Hurricane Irma at Category 5 strength, loomed over the USVI in September 2017.

According to the report, to prevent 2.7 degrees of warming, greenhouse pollution must be reduced by 45 percent from 2010 levels by 2030, and 100 percent by 2050. It also found that by 2050, use of coal as an electricity source would have to drop from nearly 40 percent today to between 1 and 7 percent. Renewable energy such as wind and solar, which make up about 20 percent of the electricity mix today, would have to increase to as much as 67 percent, according to The Times.

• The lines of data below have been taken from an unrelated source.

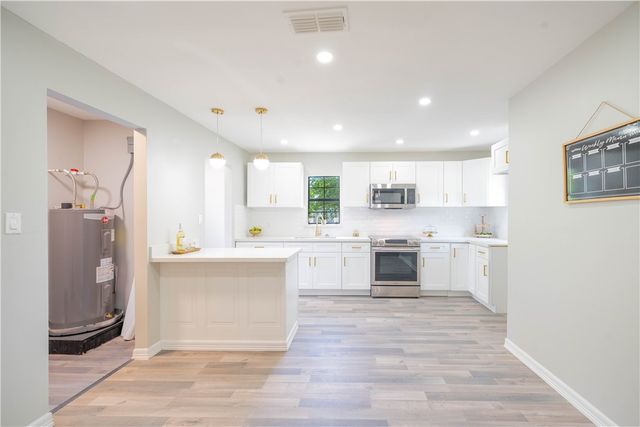 1002 E Hill Ave, Alice, TX 78332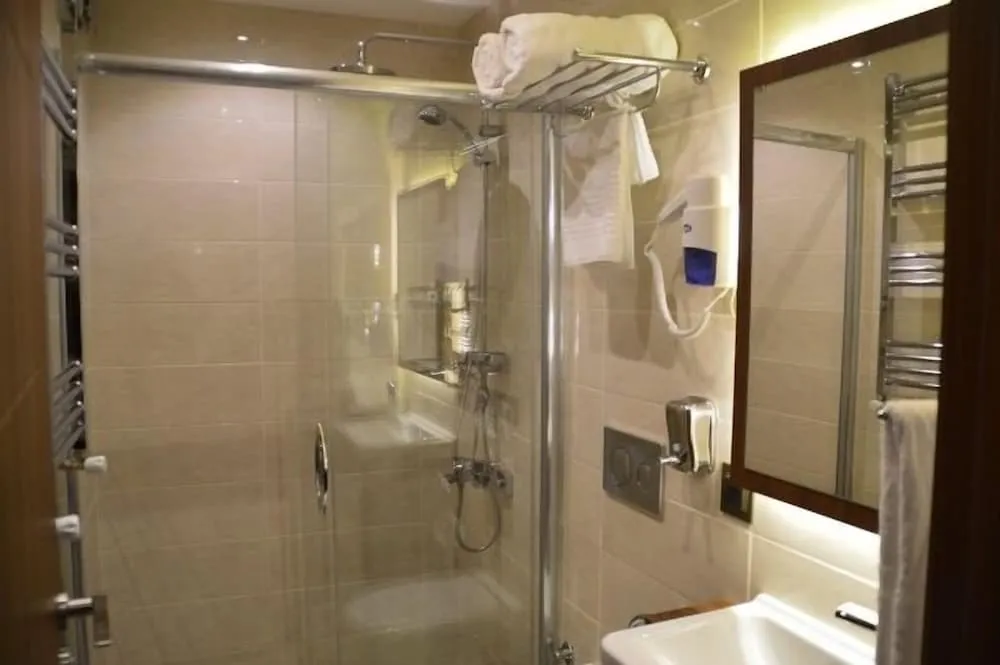 Deluxe Stüdyo Süit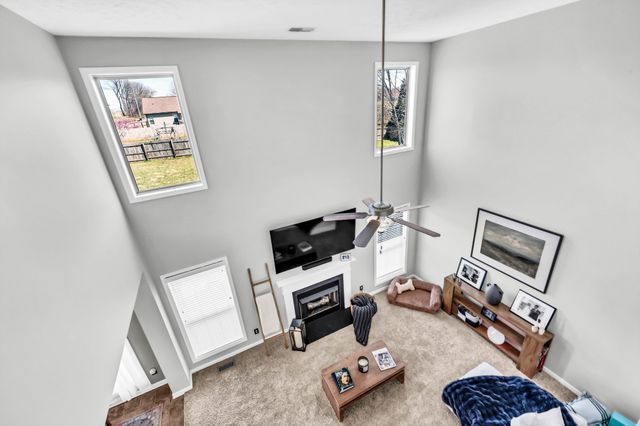 3460 Oak Creek Dr, Clarksville, TN 37040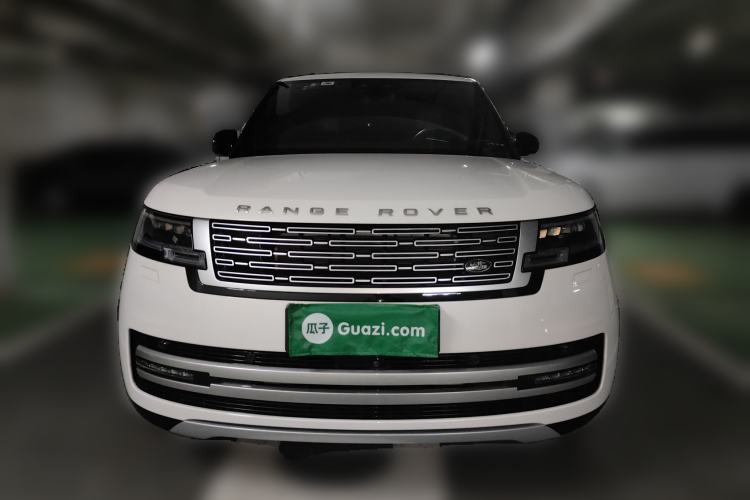 Used Land Rover Range Rover 2023 3.0 L6 400 PS Extended Long-Wheelbase Version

Whether world leaders could achieve such a feat, with U.S. President Donald Trump seemingly resigned to the coming calamity, is doubtful. The United States delegation joined more than 180 countries on Saturday in accepting the report’s summary, albeit with a caveat. According to a State Department statement, “acceptance of this report by the panel does not imply endorsement by the United States of the specific findings or underlying contents of the report.”

“We reiterate that the United States intends to withdraw from the Paris agreement at the earliest opportunity absent the identification of terms that are better for the American people,” the statement said, aligning with the policies of Mr. Trump.

If world leaders do nothing to mitigate the impending crisis, the report puts the financial fallout to $54 trillion at 2.7 degrees, and $69 trillion at 3.6 degrees. Of note, the report says the world is already more than halfway to the 2.7 degree mark, and it said the U.S. could lose up to 1.2 percent of gross domestic product for every 1.8 degrees of warming.

There would be a “disproportionately rapid evacuation” of people from the tropics at 3.6 degrees of warming, the report found. “In some parts of the world, national borders will become irrelevant,” said Aromar Revi, director of the Indian Institute for Human Settlements and an author of the report, according to The Times. “You can set up a wall to try to contain 10,000 and 20,000 and one million people, but not 10 million.”